Peut-être de telles interrogations paraîtront-elles oiseuses, puisqu’on peut assurément reprocher à l’auteur d’avoir suggéré sa paternité, sinon par action, du moins par omission. À une époque où il retravaillait certains de ses propres travaux en vue de leur publication, il n’a apporté aucun démenti public à l’affirmation publiée par Ivanov, et ses conversations privées ont alimenté la thèse du pseudonymat, par leur ambiguïté tout au moins. Mais comme le demande Todorov, « faut-il ignorer cette différence de statut entre parole publique (et écriture) et parole privée ? »20 Il convient aussi de rappeler qu’il était, à l’époque, sérieusement malade, tout comme sa femme (celle-ci mourut en 1971, Bakhtine lui-même en 1975), ce qui peut expliquer, sinon justifier, qu’il n’ait pas publiquement clarifié ce point. Enfin et surtout, il faut rappeler à quel point le silence et l’ambiguïté sont répandus en contexte totalitaire. Bronckart et Bota expriment leur mépris envers ceux qui invoquent cet argument, le jugeant trop indulgent envers Bakhtine21 ; ils semblent oublier que ces réflexes sont partagés par des populations entières, qu’ils résultent de pressions puissantes et continues, et que les individus ne s’en défont plus même lorsque le danger semble passé. Les échanges entre citoyens des deux « blocs » butent fréquemment sur ce malentendu fondamental, les uns s’étonnant bruyamment de ne pouvoir obtenir des autres une prise de position claire, aussi bien sur des points mineurs que sur des questions plus importantes.

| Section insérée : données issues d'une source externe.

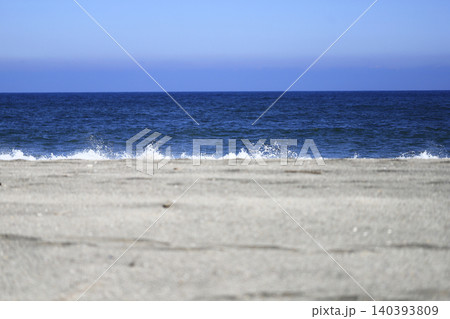 海の水平線と空 海岸線の砕ける白い波と砂浜 140393809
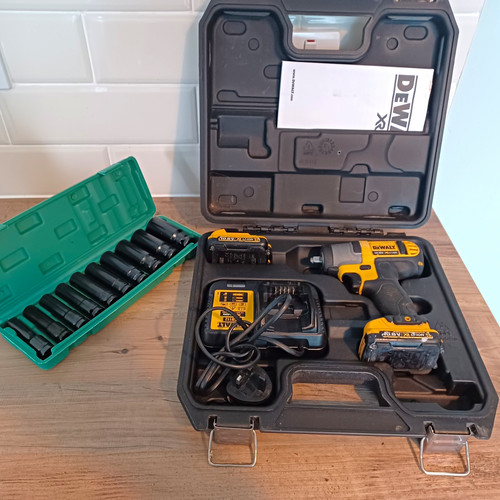 Dewalt dcf813 li ion - dewalt, 10.8v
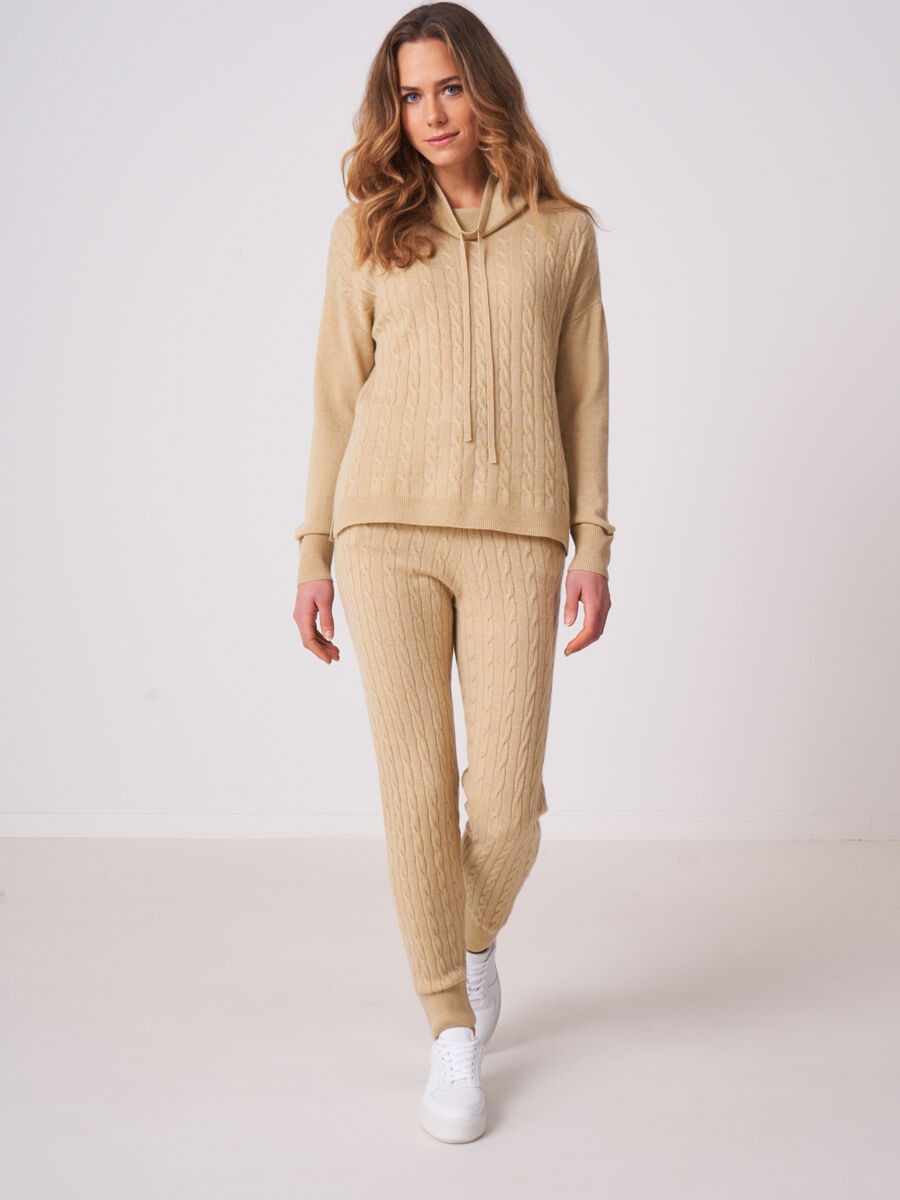 Cable knit sweater with stand-up collar and drawstring image number 4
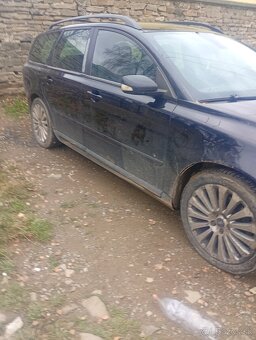 Volvo V50 2.0 100kw rok 2004 - 8
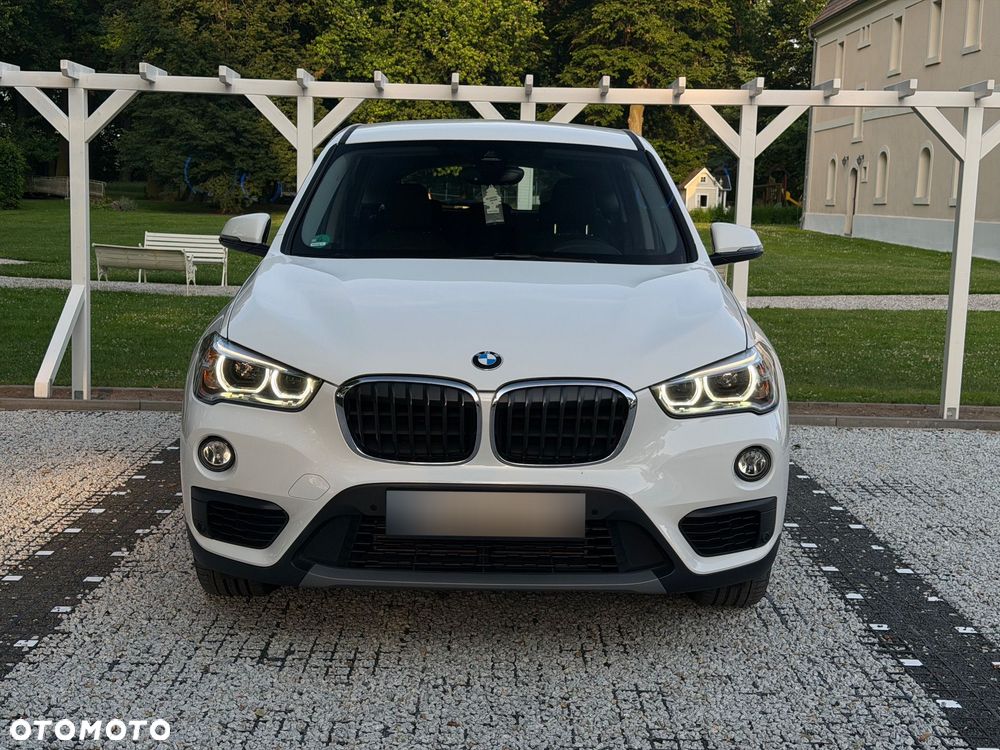 BMW X1 sDrive18d Business Edition - 8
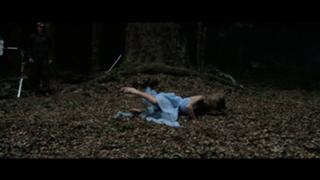 Taylor Swift feet photo thumbnail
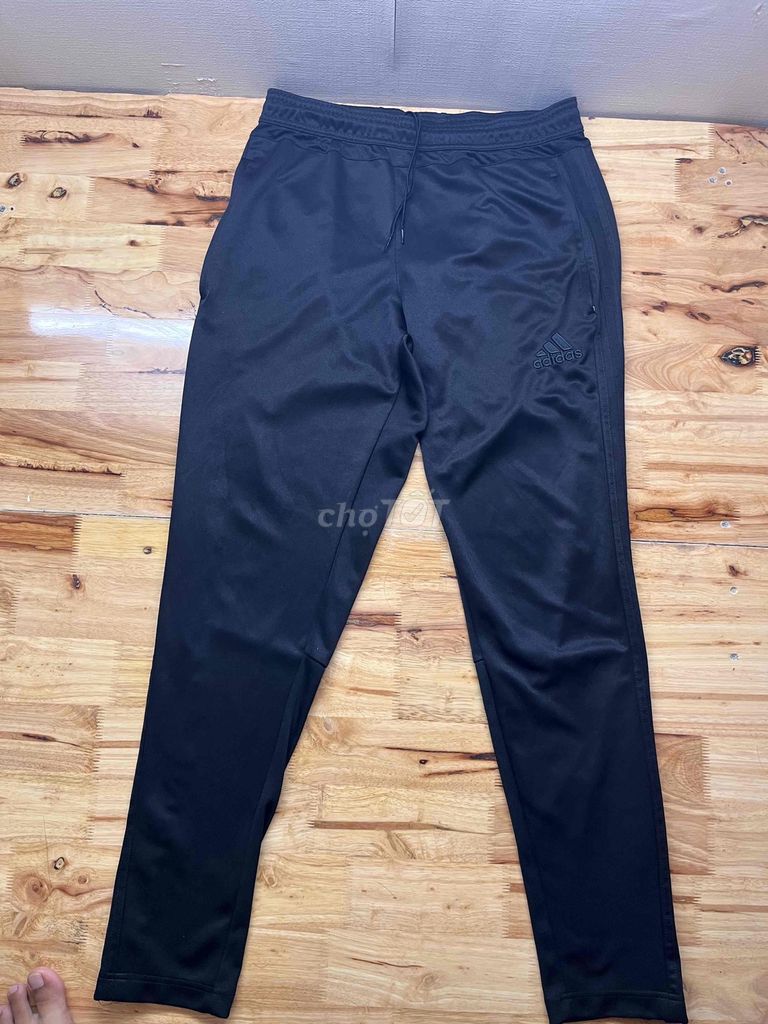 Quần thể thao Adidas Nam Đen size 32-34. Mua bán Quần áo tại Quận Phú Nhuận Tp Hồ Chí Minh được đăng bởi Đồ si giá rẻ Sài Gòn hình 1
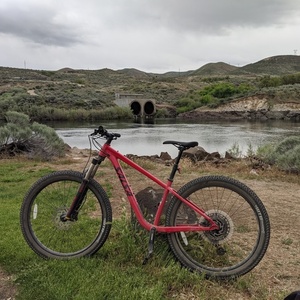 2020 Salsa RangeFinder Red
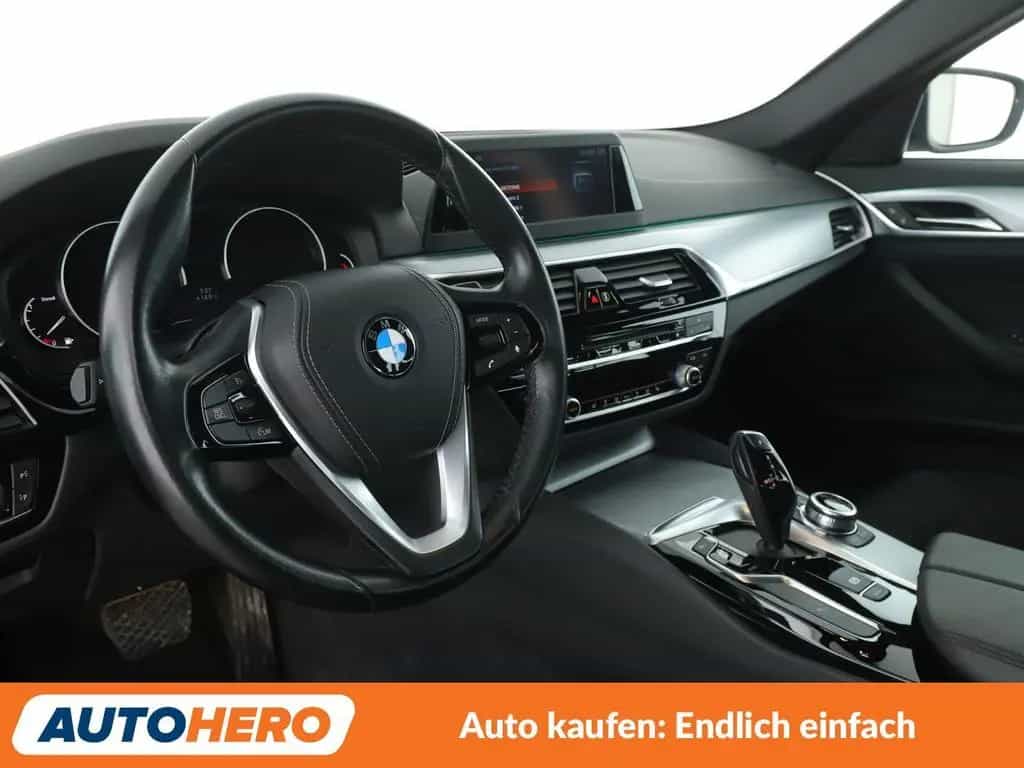 BMW 520 d Aut.*NAV*LED*TEMP*CAM*PDC*SHZ*KLIMA*ALU* 02/2018-photo-10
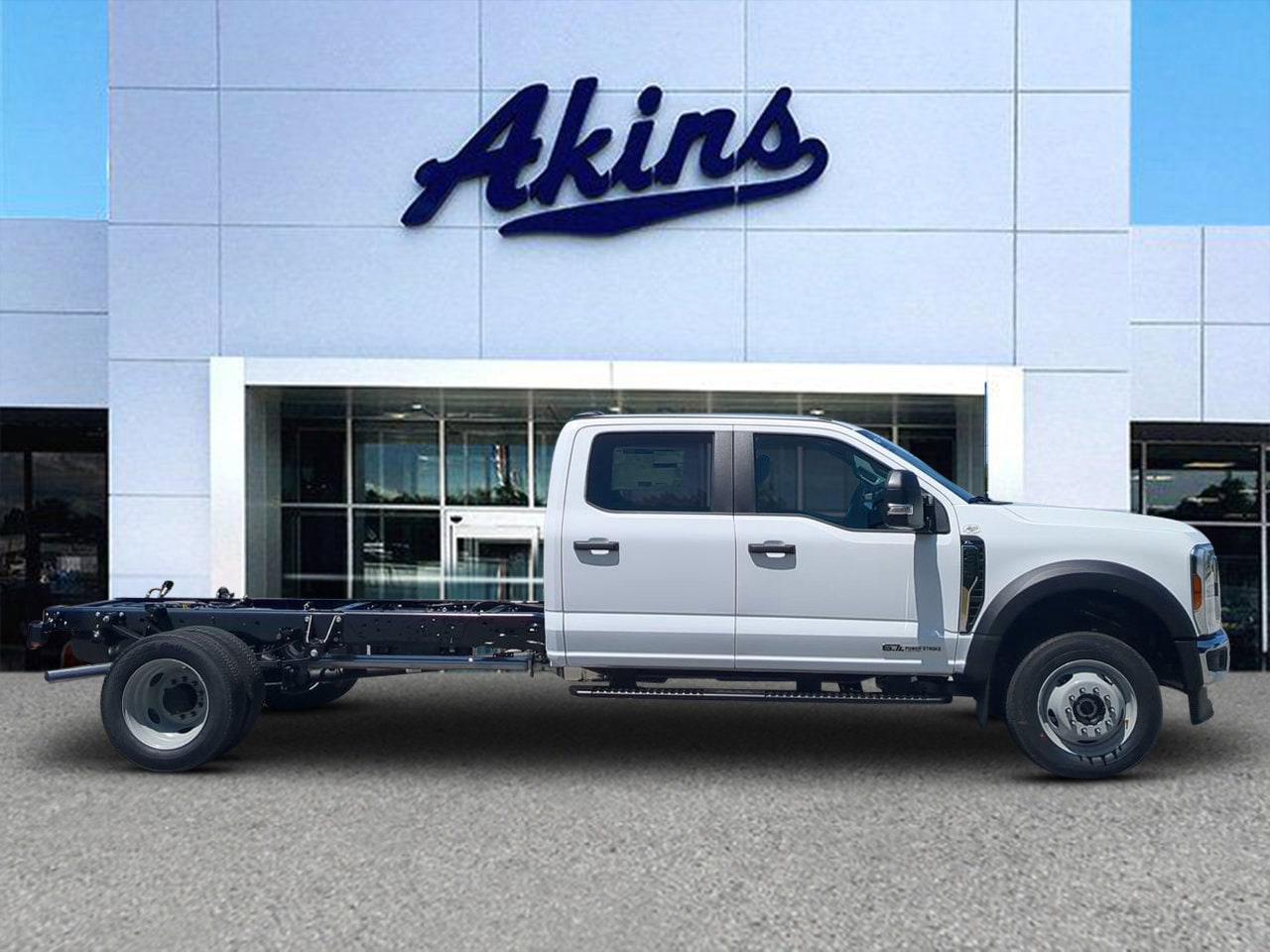 2026 Ford F-450 XL 4x4 Crew Cab 203-In DRW's photo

Les différentes sources (y compris l’ouvrage de Bronckart et Bota lui-même22) donnent de Bakhtine l’image d’un individu extrêmement réticent à se mettre en lumière, réticent même à publier ses travaux, ce que l’on s’explique sans difficulté, vu le risque que pouvait faire courir la moindre publication. Contrairement à Medvedev, qui a eu le courage de prendre position sur des questions risquées, Bakhtine semble avoir fait preuve d’une extrême prudence. Il paraît d’autant moins vraisemblable qu’il ait cherché activement à s’approprier les travaux de proches assassinés23.
Dès lors, l’ouvrage de Bronckart et Bota, si utile pour contrer l’hagiographie bakhtinienne, et plus encore pour réparer les injustices faites à Medvedev et Volochinov, n’est malheureusement pas exempt de parti pris. Le programme alléchant, qui promet un « menteur » enfin « démasqué », donne de Bakhtine une image, au fond, non moins flamboyante que ne le font certains hagiographes lorsqu’ils expliquent le don généreux de ses ouvrages par le caractère « carnavalesque » et « dialogique » de l’auteur, ou par l’esprit « romantique » et « révolutionnaire » de la période. Les analyses de Bronckart et Bota sont, pour une part, plus nuancées et plus précises que ne l’est leur titre ; elles contiennent pourtant, à plusieurs reprises, la même grave accusation qui s’alourdit de plus en plus. Bronckart et Bota écrivent ainsi : « même après les déclarations de paternité de Bakhtine » (p. 82), « trois articles signés Volochinov mais revendiqués par Bakhtine » (p. 98) ou, plus explicitement encore, « Bakhtine, à plusieurs reprises, a affirmé être l’auteur véritable des textes signés de ses « amis » prématurément disparus. […] Bakhtine a menti […] Bakhtine ment […] », etc. (p. 269-270) – les phrases de ce type sont récurrentes, au détriment de formulations plus prudentes, surtout au chapitre V, véritable acte d’accusation.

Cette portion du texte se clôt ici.